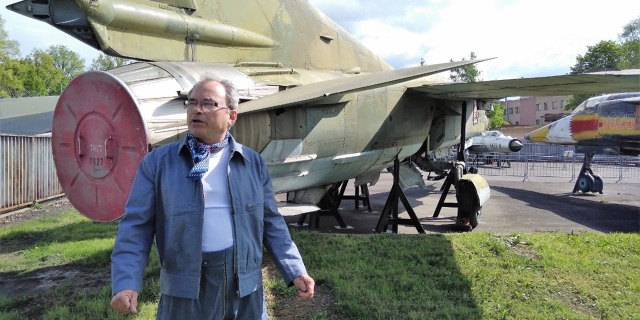 Ján Skladányi a MiG-23U ve kbelském leteckém muzeu. 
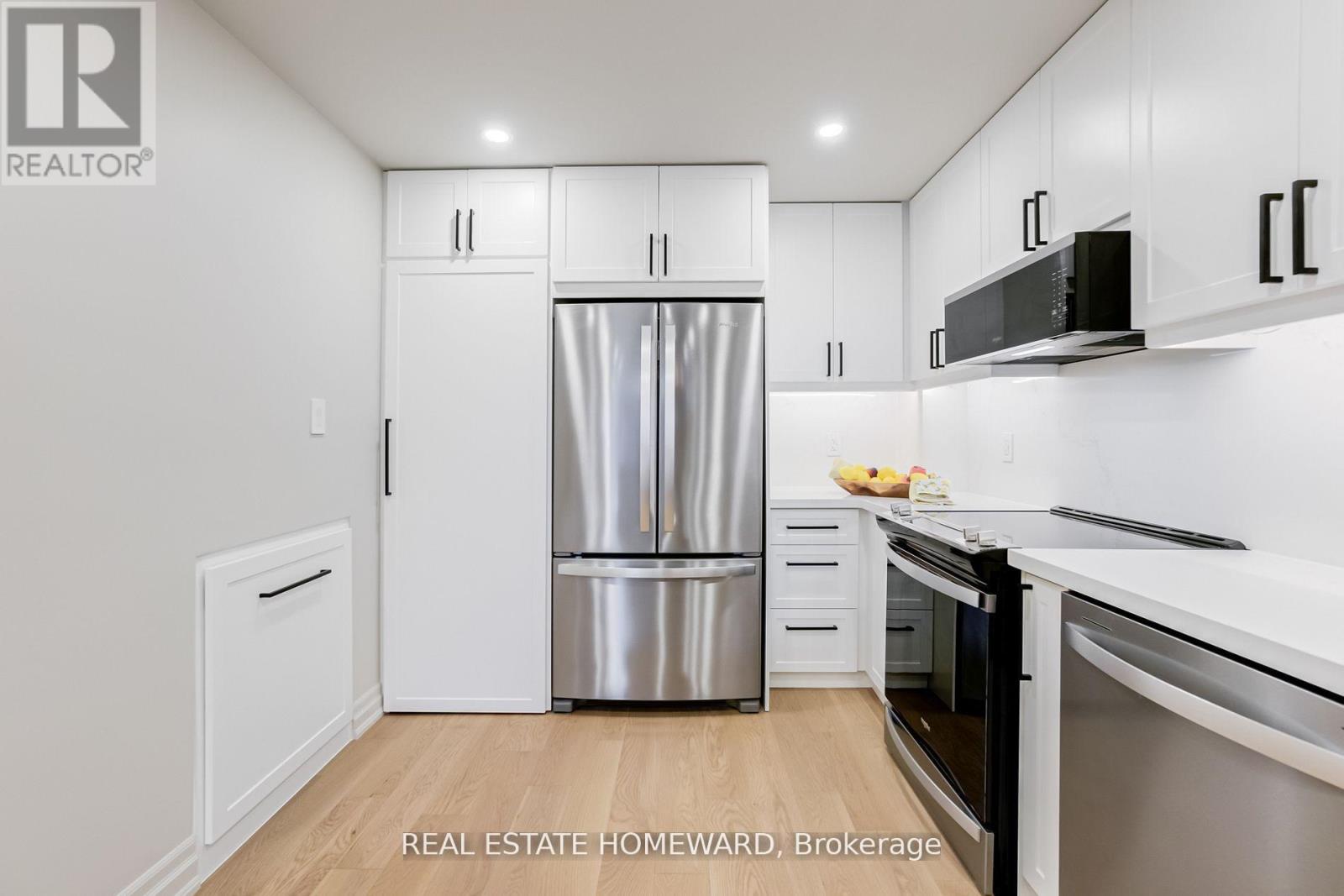 Photo 4 of Th 10 100 Arbors Lane, Vaughan ON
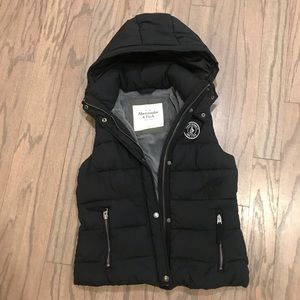 Navy bubble vest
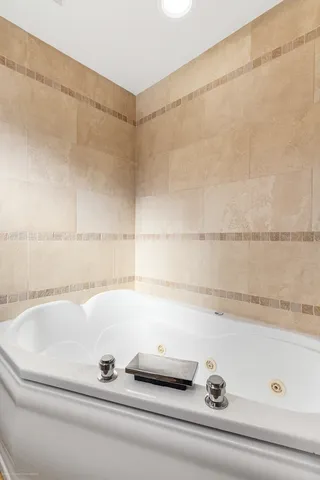 $550,000 | 4615 North Maria Court, Chicago, IL 60656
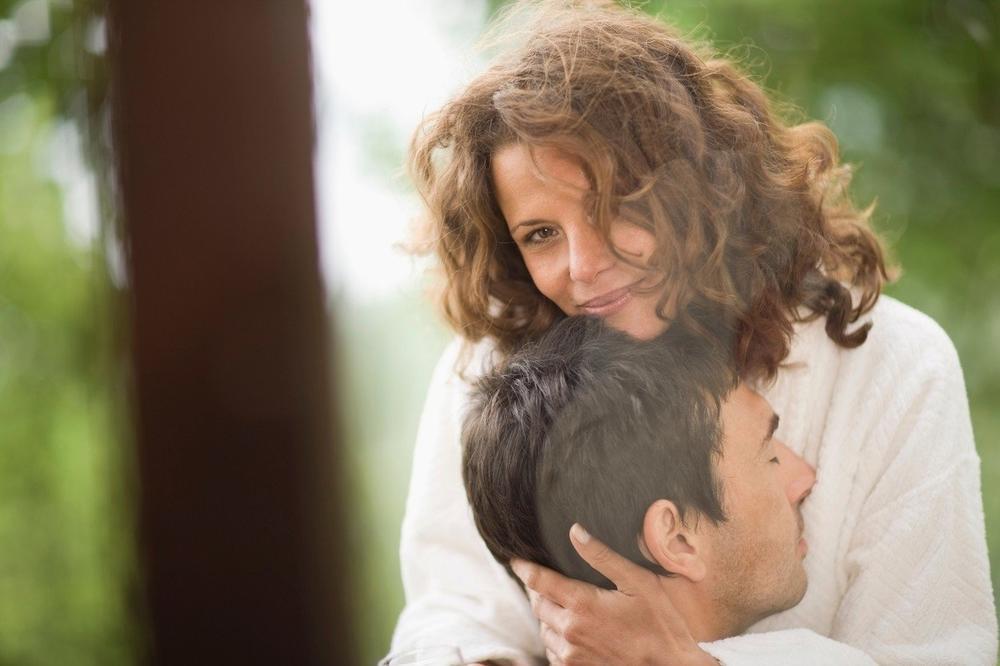NIJE ZBOG PARA: Evo zašto lepe devojke padaju na ružne momke, IZNENADIĆETE SE, BAŠ!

◇ ◇ ◇ ◇

[Work task]:
I would like you to retype exactly the lines running from the one containing "Navy bubble vest" to the last line of the entries, both included, leaving all pictures out.

[Written answer]:
 Navy bubble vest
 $550,000 | 4615 North Maria Court, Chicago, IL 60656
NIJE ZBOG PARA: Evo zašto lepe devojke padaju na ružne momke, IZNENADIĆETE SE, BAŠ!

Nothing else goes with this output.